Cytoplasmic vacuolation results from dilatation of various organelles and possible lysis caused by damaged lysosomal membranes. In some instances, radiation may enhance cellular differentiation. Occasionally, poorly differentiated carcinomas without squamous differentiation in the curettings may have nests of squamous epithelium in the resected uterus after radiation. It is in mitosis and the S phase of the cell cycle that a cell is most susceptible to radiation injury. Thus, the difference in radiosensitivity of tumor cells and benign cells is due largely to the increased mitotic activity of the neoplastic cells and the better reparative capacity of nonneoplastic cells. In view of the variable morphologic response to irradiation, it is often difficult to determine whether irradiated tumor cells are viable. On a practical basis, if tumor cells are evident after irradiation, it should be assumed that some retain the capacity to persist however abnormal they appear.

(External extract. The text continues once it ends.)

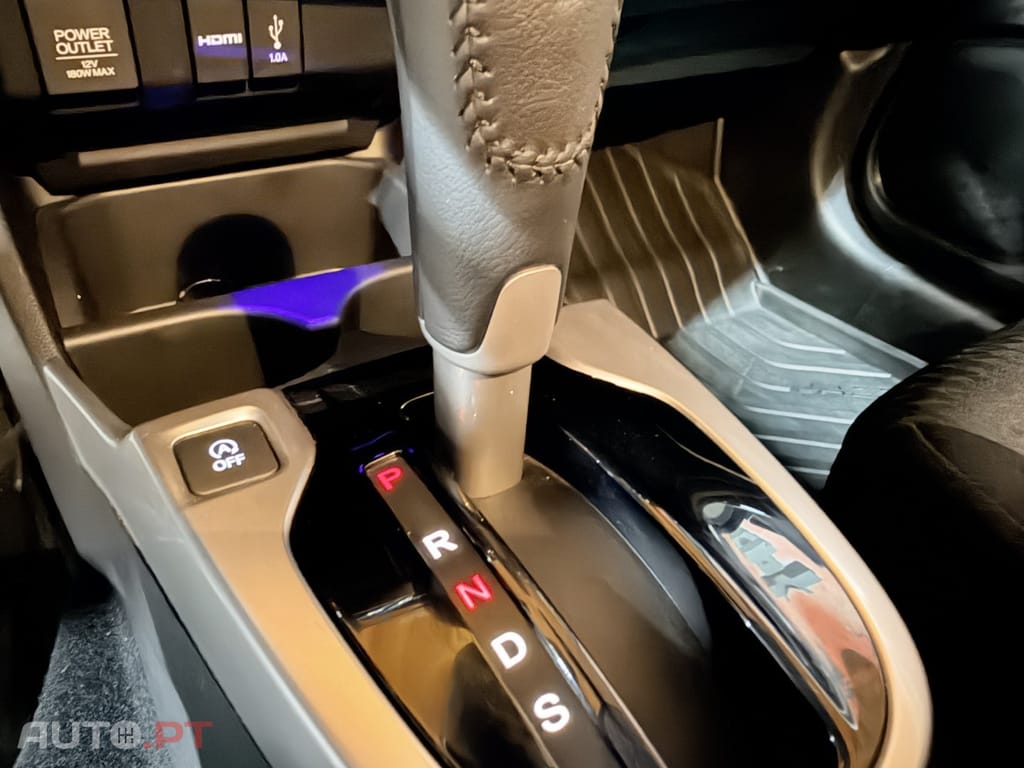 Honda Jazz 1.3 I-VTEC Comfort +Connect. Navi CVT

Radiation changes in the endometrial stroma and myometrium are greatest in the vicinity of the radiation source. The stromal cells are first converted to giant fibroblasts. Early vascular effects include damage to endothelial cells, resulting in thrombosis. The stroma undergoes progressive hyalinization, resulting in a collagenous scar. Elastic tissue often is fragmented and frayed, and blood vessels are thickened and sclerotic. Occasionally, changes similar to those found in atherosclerosis may be present in the intima of blood vessels. Foam cells occur in the intima, and myometrial cells may appear granular and swollen, especially in areas close to the radium source. Scarring, atrophy, and sclerosis of vessels characterize long-standing radiation effects. The endometrium is thin and easily traumatized, and small blood vessels in the stroma are thin walled and ectatic. Some blood vessels form plaques of lipid-filled clear cells in the media.

Progestins

Progestin-induced changes include secretory differentiation of glandular cells, mitotic arrest, conversion of spindle-shaped stromal cells to decidual cells, decrease in estrogen-related cellular changes such as ciliogenesis, and development or enlargement of squamous areas (Richart and Ferenczy 1974; Saegusa and Okayasu 1998). The earliest evidence of progestin effect is subnuclear vacuolization, observed within 2–3 days of treatment. The vacuoles are a manifestation of glycoprotein synthesis, which is followed by an apocrine-type secretion in which the apical portion of the cytoplasm of the cell is discharged into the gland lumen, with reduction in the size of the cell. Longer term therapy aimed at eliminating the disease, at least until patients can become pregnant, results in a number of morphologic changes that can predict response to therapy. These include decreased glandular-to-stroma ratio, decreased to absent mitotic activity, decreased glandular cellularity, loss of cytologic atypia, and a variety of cytoplasmic changes including mucinous, secretory, squamous, and eosinophilic metaplasia. Persistent architectural abnormalities and/or cytologic atypia were predictive of treatment failure (Mentrikoski et al. 2012). Some architectural changes (cribriform and papillary patterns) induced by progestin treatment, are noteworthy as they may be confused with progression (Wheeler et al. 2007; Gunderson et al. 2014). Importantly, biopsies taken after the initiation of treatment require a comparison to the pre-treatment sample for correct interpretation and determination of treatment response.

Squamous Differentiation

Many endometrioid adenocarcinomas contain squamous epithelium, but the amount of squamous epithelium can vary widely. In a well-sampled neoplasm, the squamous element should constitute at least 10% of a tumor to qualify as an adenocarcinoma with squamous differentiation. Endometrioid carcinomas with squamous epithelium should be classified simply as endometrioid carcinoma with squamous differentiation (not “with squamous metaplasia”) and graded on the basis of the glandular component as well, moderately, or poorly differentiated (grade 1, 2, or 3, respectively, per FIGO criteria).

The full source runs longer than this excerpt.